Security for rabbis who have reached the retirement age is now assured through a retirement-pension plan in which the individual rabbi, his congregation and the Union of American Hebrew Congregations and the Central Conference of American Rabbis acting together will participate, it was announced today in a statement issued jointly by Mr. Adolph Rosenberg, chairman of the board of the Union of American Hebrew Congregations, for the congregations, and Rabbi James G. Heller, president of the Central Conference of American Rabbis, for the rabbis.
The announcement of a definite plan climaxes years of study, it was stated. Ratification of at least seventy-five per cent of Union congregations, by September 1, is necessary, so that a group annuity contract can be negotiated covering all rabbis below the pension age of sixty-five and otherwise eligible.

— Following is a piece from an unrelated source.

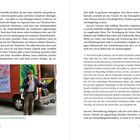 Links sieht man einen Redner mit Mikrofon vor Bannern. Text: "BEIM KLIMASTREIK AM GREIFSWALDER MÜHLENTOR".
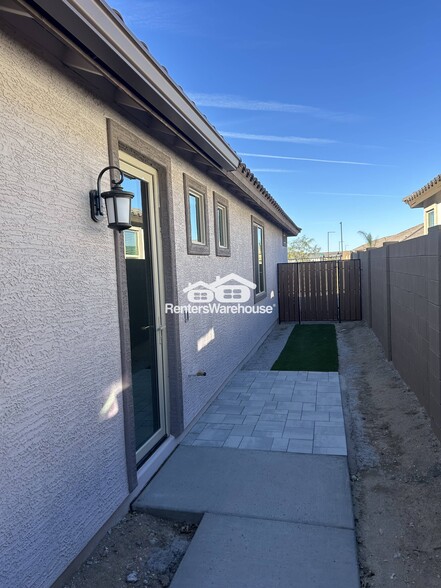 Building Photo - 3162 N 199th Dr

The plan provides for the Union and the Conference to place at the disposal of the Joint Committee on Rabbinical pensions, funds totaling over $220,000 which have been contributed and designated for this purpose. Of this sum, $150,000 is to be given by the Central Conference of American Rabbis from its own Pension Fund, and the rest by the Union of American Hebrew Congregations from the Schiff Fund and from the Joseph Schonthal Fund.
Provisions of the Pension Plan provide that each rabbi is to contribute annually three per cent of his salary, with the Congregation paying seven per cent annually. The Union and Conference, acting jointly, are to pay one to three per cent of his salary annually, depending on the age of the rabbi when he enters the plan. The cost of the latter charge will be defrayed in part out of the above Pension Funds and the remainder incorporated in the Budgets of the Union and Conference. A policy will be issued to the rabbi providing a retirement annuity at the age of sixty-five, and death benefits before that age.